Hello there,
I try to create an index with custom settings and mappings.
PUT /my_index
{
"settings": {
"analysis": {
"analyzer": {
"my_analyzer": {
"type": "custom",
"char_filter": [
"my_char_filter"
],
"tokenizer": "whitespace",
"filter": ["lowercase"]
}
},
"char_filter": {
"my_char_filter": {
"type": "mapping",
"mappings": [
"a => ٨",
]
}
}
}
},
"mappings": {
"file": {
"properties": {
"attachment.content": {
"type": "text",
"analyzer": "my_analyzer"
}
}
}
}
}
I thought that the "attachment.content" would be stored after ElasticSearch replaces "a" into "٨", but it's not the case.

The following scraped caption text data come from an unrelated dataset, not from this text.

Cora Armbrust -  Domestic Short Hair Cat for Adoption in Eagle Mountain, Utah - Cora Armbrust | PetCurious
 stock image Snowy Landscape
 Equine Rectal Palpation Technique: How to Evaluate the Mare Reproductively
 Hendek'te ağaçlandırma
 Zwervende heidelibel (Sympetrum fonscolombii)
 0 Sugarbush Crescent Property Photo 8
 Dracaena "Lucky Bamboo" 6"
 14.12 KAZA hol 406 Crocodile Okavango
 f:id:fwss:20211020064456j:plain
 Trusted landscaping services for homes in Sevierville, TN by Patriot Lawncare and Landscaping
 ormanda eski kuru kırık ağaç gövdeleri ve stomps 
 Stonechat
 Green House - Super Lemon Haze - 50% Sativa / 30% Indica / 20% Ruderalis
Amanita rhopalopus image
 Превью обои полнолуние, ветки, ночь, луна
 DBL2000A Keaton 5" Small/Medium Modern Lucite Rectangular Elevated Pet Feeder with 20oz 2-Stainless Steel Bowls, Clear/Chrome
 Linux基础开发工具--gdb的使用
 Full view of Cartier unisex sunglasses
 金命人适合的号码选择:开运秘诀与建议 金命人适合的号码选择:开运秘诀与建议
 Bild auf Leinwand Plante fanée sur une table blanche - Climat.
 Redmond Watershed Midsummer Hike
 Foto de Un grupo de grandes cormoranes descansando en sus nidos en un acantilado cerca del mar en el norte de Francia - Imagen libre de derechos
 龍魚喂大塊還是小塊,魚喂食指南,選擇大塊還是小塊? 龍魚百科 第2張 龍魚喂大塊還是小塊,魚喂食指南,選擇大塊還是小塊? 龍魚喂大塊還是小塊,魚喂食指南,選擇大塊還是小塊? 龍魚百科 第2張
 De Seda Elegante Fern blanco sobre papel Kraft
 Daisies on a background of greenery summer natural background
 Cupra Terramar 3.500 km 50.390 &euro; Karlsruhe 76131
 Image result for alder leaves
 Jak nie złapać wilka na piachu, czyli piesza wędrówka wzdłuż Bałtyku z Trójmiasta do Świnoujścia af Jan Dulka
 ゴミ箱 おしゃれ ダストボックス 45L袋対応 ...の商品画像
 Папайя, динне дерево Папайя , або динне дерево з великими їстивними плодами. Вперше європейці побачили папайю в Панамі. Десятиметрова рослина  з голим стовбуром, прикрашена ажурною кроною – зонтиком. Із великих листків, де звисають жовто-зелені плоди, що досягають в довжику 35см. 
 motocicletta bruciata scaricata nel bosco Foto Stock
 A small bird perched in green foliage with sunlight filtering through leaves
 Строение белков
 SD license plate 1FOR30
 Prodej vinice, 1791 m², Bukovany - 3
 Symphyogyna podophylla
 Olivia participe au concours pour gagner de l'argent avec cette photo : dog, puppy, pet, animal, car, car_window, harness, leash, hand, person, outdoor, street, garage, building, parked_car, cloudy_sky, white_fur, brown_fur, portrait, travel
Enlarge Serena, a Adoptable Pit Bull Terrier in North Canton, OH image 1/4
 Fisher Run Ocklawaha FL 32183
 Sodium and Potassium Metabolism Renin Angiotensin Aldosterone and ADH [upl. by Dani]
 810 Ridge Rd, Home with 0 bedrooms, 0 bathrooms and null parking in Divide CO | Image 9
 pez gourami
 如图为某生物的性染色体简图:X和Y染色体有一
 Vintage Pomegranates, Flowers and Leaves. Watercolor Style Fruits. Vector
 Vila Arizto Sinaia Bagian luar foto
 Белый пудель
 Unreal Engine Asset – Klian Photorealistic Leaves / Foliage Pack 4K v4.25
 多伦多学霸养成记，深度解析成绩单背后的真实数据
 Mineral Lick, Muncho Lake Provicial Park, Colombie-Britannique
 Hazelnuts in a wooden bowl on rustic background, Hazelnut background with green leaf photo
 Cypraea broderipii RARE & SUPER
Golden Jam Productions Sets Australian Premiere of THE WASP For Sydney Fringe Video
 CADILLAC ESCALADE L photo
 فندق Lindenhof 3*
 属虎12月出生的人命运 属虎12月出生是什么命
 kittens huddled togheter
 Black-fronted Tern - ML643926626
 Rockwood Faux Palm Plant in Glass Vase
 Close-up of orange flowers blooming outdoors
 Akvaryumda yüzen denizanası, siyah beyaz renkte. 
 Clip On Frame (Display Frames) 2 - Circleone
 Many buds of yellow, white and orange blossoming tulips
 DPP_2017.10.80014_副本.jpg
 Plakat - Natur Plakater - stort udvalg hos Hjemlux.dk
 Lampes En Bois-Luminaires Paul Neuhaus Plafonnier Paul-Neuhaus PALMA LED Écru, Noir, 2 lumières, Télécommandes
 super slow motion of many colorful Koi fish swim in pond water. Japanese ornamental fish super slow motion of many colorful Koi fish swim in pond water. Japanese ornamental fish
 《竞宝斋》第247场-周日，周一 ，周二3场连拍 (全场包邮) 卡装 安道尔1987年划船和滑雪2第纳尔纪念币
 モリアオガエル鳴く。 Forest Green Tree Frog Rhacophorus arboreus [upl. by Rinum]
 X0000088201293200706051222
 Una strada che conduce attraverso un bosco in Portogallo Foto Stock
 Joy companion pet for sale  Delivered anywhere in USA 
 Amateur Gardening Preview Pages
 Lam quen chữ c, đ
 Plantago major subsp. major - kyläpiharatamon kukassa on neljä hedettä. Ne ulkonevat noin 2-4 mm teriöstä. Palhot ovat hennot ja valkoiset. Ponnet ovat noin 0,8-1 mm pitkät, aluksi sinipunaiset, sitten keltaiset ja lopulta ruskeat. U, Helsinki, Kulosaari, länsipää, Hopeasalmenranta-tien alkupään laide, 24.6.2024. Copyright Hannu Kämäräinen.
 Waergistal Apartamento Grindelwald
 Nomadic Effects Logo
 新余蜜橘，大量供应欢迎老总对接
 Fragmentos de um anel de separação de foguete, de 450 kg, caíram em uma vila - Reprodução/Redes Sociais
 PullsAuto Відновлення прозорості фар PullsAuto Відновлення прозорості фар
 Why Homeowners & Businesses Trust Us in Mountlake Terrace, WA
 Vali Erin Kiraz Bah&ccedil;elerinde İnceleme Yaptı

When I index a document and search for "٨", I don't find anything:
PUT /my_index/file/{id}?pipeline=attachment
{
"data": "myencodedbase64data"
}
GET /dv-dm4ep-test/file/_search
{
"_source": [ "attachment.content" ],
"query":{
"match_all" : {}
}
}
As you can see, the "a" characters have not been replaced by "٨":
{
"took": 17,
"timed_out": false,
"_shards": {
"total": 5,
"successful": 5,
"skipped": 0,
"failed": 0
},
"hits": {
"total": 1718,
"max_score": 1,
"hits": [
{
"_index": "my_index",
"_type": "file",
"_id": "32215",
"_score": 1,
"_source": {
"attachment": {
"content": """01 Legislative reports"""
}
}
},
{...}
]
}
}
Any help is welcome!
Thanks